Based on this success of Lok Satta in AP, Association for Democratic Reforms (ADR) filed a writ petition in Delhi High Court, whose judgment in favour of disclosures was challenged by the Union government before the Supreme Court. PUCL later joined as a petitioner in this case. The Apex court in a reasoned judgment on 2 May 2002 held that the voters have a fundamental right to know the criminal and financial antecedents of candidates. On government’s refusal to incorporate such disclosures as a part of the nomination process, the Election Commission on June 28 issued a detailed notification in compliance with the court verdict.
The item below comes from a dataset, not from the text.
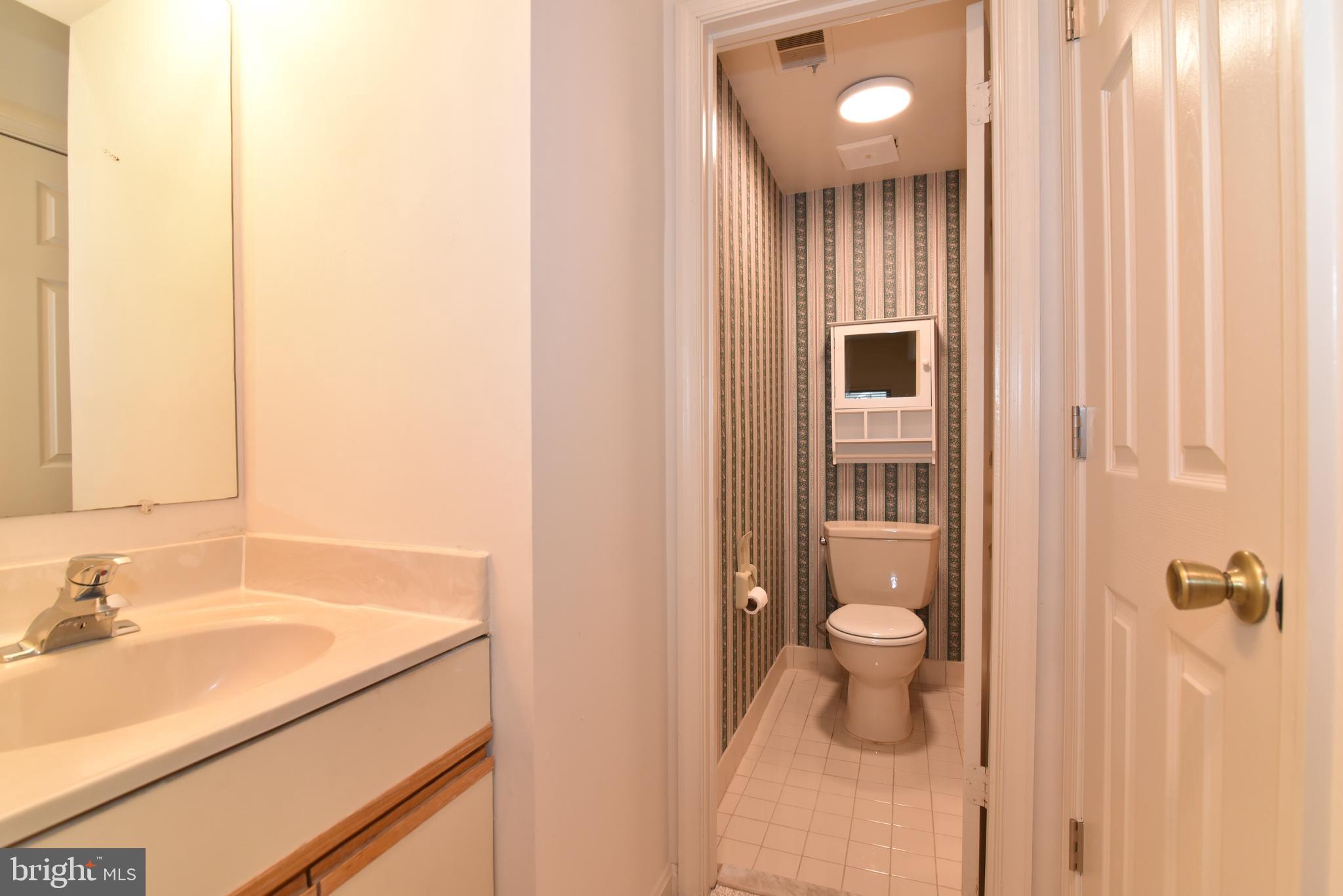 11238 Harbor Court, Unit 11238 Reston, VA 20191 - Photo 15 of 35 Gallery Image 15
This notification covered the criminal record – including convictions, charges pending and cases taken cognizance, and financial record – including assets, liabilities and dues to public financial institutions – of the candidate, spouse and members of the family. The Union government then drafted an Ordinance and on 16 August recommended to the President its approval. On the same day, leading citizens and activists on behalf of National Campaign for Electoral Reforms urged the President to refer the Ordinance to the Supreme Court under Article 143 of the Constitution, as its provisions violated fundamental rights under Article 19(1) and were expressly violative of the Supreme Court verdict. The President returned the Ordinance to the government for reconsideration on 23 August, but the Cabinet reiterated its recommendation to the President without any changes on 24 August 2002. The President had no option but to promulgate the Ordinance on 24 August.

Lok Satta, PUCL and ADR challenged the constitutionality of the Ordinance, which later was enacted by Parliament as Act 77 of 2002. P.P. Rao and Prashant Bhushan appeared for Lok Satta before Supreme Court. Justice Rajinder Sachar, Sanjay Parikh and Kamini Jaiswal appeared on behalf of the other petitioners. The Supreme Court verdict on 13 March is a result of this petition.
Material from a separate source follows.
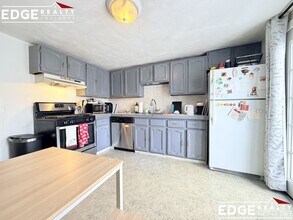 Building Photo - 5 Cottage St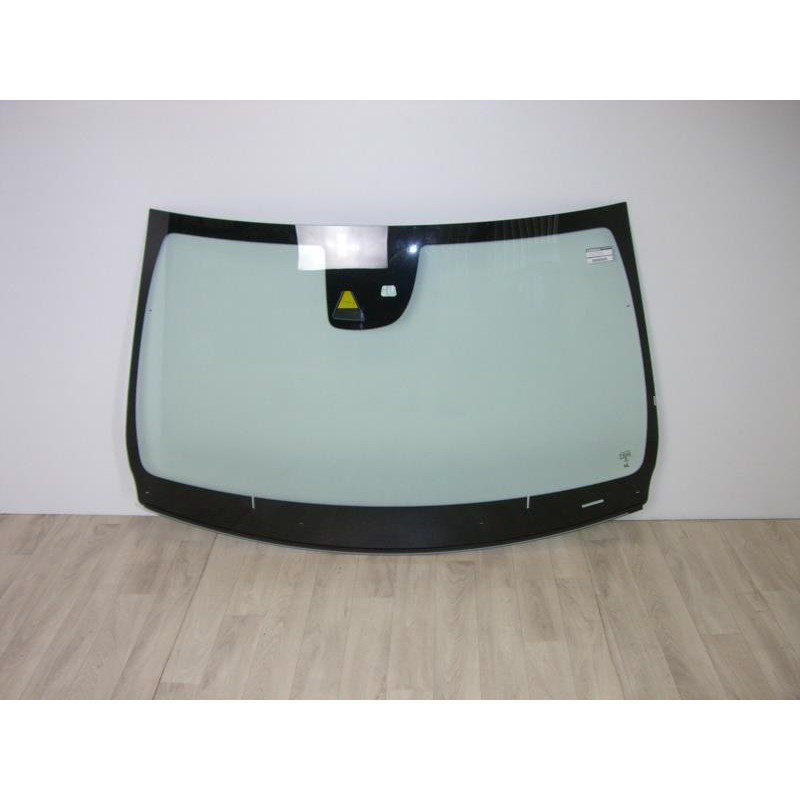 Pare brise INFINITI QX30 d’occasion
The verdict has the following consequences:

1. Section 33 B of RP Act which militates against disclosures other than those specified in law is held unconstitutional and is void in law.

2. The Election Commission’s notification of June 28 stands valid and will have prospective application.

3. Candidates must now disclose the financial antecedents as specified by Supreme Court earlier.

4. Criminal disclosures covered by the law fall short of Supreme Court judgment and to that extent Election Commission’s notification stands.

This is an important milestone in our democratic evolution. Once again, the resilience of our democratic system, the inherent strength of institutions, and the constitutional checks and balances stand as testimony to the maturity and vibrancy of our governance system.

We congratulate the advocates who marshalled the arguments ably on behalf of citizens and helped the court form its conclusions. Millions of Indians, several organizations and media all have fought this battle for democracy and liberty in keeping with glorious traditions of citizen assertion and people’s sovereignty. We salute those sentinels of freedom.

Finally, this should not be seen as a struggle between the people and the political parties. The parties have a vital and often thankless task to perform in a democracy. Very often they are captive in the hands of political fiefdoms which dominate the electoral scene in a first-past-the-post system. Our parties are striving hard to sustain our democracy against great odds. They need our full support in this endeavour. Equally, the parties must take this as an opportunity, not a threat. This is a priceless opportunity for our political system to break itself loose from criminal elements, unaccounted and excessive money power, and increasing perception of illegitimacy of the power game.

We are confident that our parties and legislators will exhibit the requisite courage, wisdom and foresight to accept this verdict of the Supreme Court and use it as a launching pad for engineering far-reaching and vital electoral and governance reforms. The people of India look up to our political leadership for wise counsel and resolute action to strengthen democracy.

This is not a battle field for legislative supremacy. Every right-thinking democrat supports the supremacy of the Parliament, comprising our own elected representatives, in making laws. The concerns about judicial usurpation of executive and legislative authority are clearly misplaced in this case involving fundamental rights and sanctity of democratic process.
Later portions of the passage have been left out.